“The recent comments from Brian Hall at Model Works regarding the perceived weaknesses of the indices for the buy-to-let market prompted John Murray to add his views in a recent Mortgage Introducer article published on 27 July.
“In this he offered up a wide spread of arguments including that buy-to-let was distorting the housing market and freezing out first-time buyers as well as exposing buy-to-let investors to very considerable risks.
“I have a considerable interest in indices, buy-to-let and the housing market in general through my work with the Intermediary Mortgage Lenders Association, LSL Acadametrics and Cambridge University.
“John’s comments have prompted me to offer a reaction to him and Brian, not as an apologist for buy-to-let but rather as an active participant and analyst.
“First clearly all indices have their strengths and weaknesses but whatever these are, the strength of an index is how it tracks change over time. In other words is the market rising or falling?
“Indices are often used in the sales process to illustrate trends and to help inform customers who would normally recognise that the index is an average which does not necessarily apply to every specific case.

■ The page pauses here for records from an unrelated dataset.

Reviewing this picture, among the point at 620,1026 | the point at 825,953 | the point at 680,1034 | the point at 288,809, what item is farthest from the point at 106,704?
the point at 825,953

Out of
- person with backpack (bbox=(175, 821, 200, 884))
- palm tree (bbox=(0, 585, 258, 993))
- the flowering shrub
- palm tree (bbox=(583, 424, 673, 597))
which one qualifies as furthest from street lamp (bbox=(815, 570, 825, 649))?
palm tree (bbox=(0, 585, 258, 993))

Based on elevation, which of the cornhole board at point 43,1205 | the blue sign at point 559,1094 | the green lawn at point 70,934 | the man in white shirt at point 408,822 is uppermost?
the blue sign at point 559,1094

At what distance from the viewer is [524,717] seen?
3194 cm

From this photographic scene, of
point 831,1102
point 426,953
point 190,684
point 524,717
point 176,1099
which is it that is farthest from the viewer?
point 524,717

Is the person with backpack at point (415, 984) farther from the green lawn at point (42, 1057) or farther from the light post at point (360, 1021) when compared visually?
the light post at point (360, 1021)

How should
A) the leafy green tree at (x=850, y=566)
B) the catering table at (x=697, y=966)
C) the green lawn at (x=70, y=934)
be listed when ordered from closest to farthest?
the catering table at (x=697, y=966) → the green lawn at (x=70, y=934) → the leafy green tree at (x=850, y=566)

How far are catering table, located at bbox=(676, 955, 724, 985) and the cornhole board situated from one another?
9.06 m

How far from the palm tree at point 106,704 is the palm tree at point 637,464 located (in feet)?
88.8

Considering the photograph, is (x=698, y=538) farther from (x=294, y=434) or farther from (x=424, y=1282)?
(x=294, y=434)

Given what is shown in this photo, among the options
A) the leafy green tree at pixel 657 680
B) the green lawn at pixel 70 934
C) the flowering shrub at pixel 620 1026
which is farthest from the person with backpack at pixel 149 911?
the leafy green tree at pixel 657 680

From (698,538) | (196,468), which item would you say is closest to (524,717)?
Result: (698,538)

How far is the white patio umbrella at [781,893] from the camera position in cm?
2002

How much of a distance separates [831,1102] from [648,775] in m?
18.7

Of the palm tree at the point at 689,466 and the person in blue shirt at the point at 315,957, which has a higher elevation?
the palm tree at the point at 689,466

“Second, it is very clear we do have house price cycles and that these have varied in amplitude over time.
“Again you can choose your measure but there is little to suggest that housing is more volatile than other asset classes though much turns on the time period chosen.
“The idea that buy-to-let excludes first-time buyers is not a new one but the evidence for this is weak.

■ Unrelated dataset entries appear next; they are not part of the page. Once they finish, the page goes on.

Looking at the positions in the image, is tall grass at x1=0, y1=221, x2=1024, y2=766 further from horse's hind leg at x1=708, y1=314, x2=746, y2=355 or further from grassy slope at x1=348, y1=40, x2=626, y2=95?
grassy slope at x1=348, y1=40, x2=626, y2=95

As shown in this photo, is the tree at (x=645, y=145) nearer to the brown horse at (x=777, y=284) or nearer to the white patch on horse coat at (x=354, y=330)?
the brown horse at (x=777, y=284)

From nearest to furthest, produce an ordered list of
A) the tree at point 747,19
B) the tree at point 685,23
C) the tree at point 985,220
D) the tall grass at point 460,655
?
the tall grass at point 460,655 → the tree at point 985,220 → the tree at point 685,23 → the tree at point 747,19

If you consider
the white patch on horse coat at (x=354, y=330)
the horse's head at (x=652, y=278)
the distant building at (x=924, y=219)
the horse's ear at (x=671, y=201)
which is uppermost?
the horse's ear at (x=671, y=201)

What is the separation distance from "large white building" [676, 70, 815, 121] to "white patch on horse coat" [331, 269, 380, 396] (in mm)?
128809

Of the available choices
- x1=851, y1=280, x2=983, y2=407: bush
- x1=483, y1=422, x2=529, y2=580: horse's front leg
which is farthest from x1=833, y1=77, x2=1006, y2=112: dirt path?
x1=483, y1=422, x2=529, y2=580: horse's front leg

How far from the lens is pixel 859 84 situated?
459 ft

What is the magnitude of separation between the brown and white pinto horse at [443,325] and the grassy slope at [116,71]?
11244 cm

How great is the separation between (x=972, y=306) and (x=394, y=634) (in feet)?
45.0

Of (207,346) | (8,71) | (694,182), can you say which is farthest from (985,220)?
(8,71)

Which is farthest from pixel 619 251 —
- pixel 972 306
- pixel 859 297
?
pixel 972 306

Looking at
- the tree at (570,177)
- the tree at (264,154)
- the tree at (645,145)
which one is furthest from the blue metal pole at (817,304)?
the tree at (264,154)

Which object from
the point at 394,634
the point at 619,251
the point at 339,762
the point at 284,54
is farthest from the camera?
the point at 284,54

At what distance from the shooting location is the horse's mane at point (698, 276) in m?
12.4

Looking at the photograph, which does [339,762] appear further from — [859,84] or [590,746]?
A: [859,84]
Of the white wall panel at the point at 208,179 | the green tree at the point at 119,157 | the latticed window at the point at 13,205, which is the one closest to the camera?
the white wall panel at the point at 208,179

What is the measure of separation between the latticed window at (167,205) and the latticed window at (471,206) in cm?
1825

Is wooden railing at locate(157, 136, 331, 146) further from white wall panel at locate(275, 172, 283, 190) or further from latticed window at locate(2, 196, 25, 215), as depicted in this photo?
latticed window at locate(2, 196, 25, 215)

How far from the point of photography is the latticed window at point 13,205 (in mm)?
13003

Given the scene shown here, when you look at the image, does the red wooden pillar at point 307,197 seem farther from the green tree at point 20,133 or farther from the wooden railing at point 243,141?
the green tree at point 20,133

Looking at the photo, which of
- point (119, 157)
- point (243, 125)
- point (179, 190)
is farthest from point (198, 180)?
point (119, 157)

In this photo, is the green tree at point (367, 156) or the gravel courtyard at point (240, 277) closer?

“It must be the case that in certain sub–markets there is competition between them and with the first-time buyer market shrinking and buy-to-let growing this tension has probably increased.
“However, there is little to suggest buy-to-let is driving prices and stressed affordability and most first-time buyers are currently excluded via lack of mortgage supply, deposit shortfalls and credit history rather than competition with buy-to-let investors.
“Third, both John and Brian suggest the market is heavily weighted towards buy-to-let, for example, via tax reliefs and state support and that there is no burning desire to rent.
“Let’s be clear, landlords do not receive tax relief on mortgage payments but as with any other business they are taxed on profits and as with any other business, the cost of finance is a legitimate business expense and can be offset against taxable income.
“Their rental income is not state guaranteed in the way John and Brian imply but tenants who qualify for housing benefit may indeed get it.
“The growth of the private rented sector and its increasing role across income groups has meant that the housing benefit bill has grown significantly –indeed the expansion of the private rented sector has been the main driver in the rise in the housing benefit bill.
“But it is not guaranteed and it is quite clear that home ownership is the most subsidised tenure and the private rented sector the least.
“Fourth, survey evidence does suggest there has been a significant increase in the demand for private renting and this is a product of both choice and constraints.
“Consumers like easy access to quality homes in locations of their choice and well aligned to their mobility in the job market.
“One issue will be getting some of these households to opt back into home ownership when their incomes have risen and they have accumulated a sufficient deposit.
“At the same time many have been excluded from home ownership and forced to rent. So it is both.
“Fifth, nobody has ever suggested that the private rented sector provides a total solution for our housing ills but it is an important element, with some 17% of households in the sector and it continues to grow.
“Increasingly it provides homes for families who cannot afford to own and cannot secure a social rented property.
“It clearly isn’t a short term feature of the market and there is no fixed notion of how large the sector should be in a properly balanced tenure neutral housing market.
“Other modern economies might provide some guidance and the most successful ones have much larger private rented sectors than we have in the UK and offer landlords considerably more support than we do in the UK.
“Sixth, the rise of the private rented sector has also been helpful to investors searching for return to supplement pensions and given turbulence in stock markets.
“Many buy-to-let investors have benefitted from house price inflation alongside rental growth but this does not hold everywhere or forever.
“Right now capital growth is less likely and more reliance has to be placed on rental income.
“I think the creation of a buy-to-let market has been a valuable addition both to households and investors looking for a home (in the latter case for their savings).
“Certainly it does increase many households exposure to property but right now what are the options?
“Finally both John and Brian want to see more support to home ownership from lenders.
“Five big lenders are supporting the government NewBuy scheme and two of these lenders have their own schemes aimed at easing the pressures on first-time buyers.
“All lenders recognise the value of helping the first-time buyer market and many do so though the scale of these actions is probably limited by the capital constraints that are widespread at present.”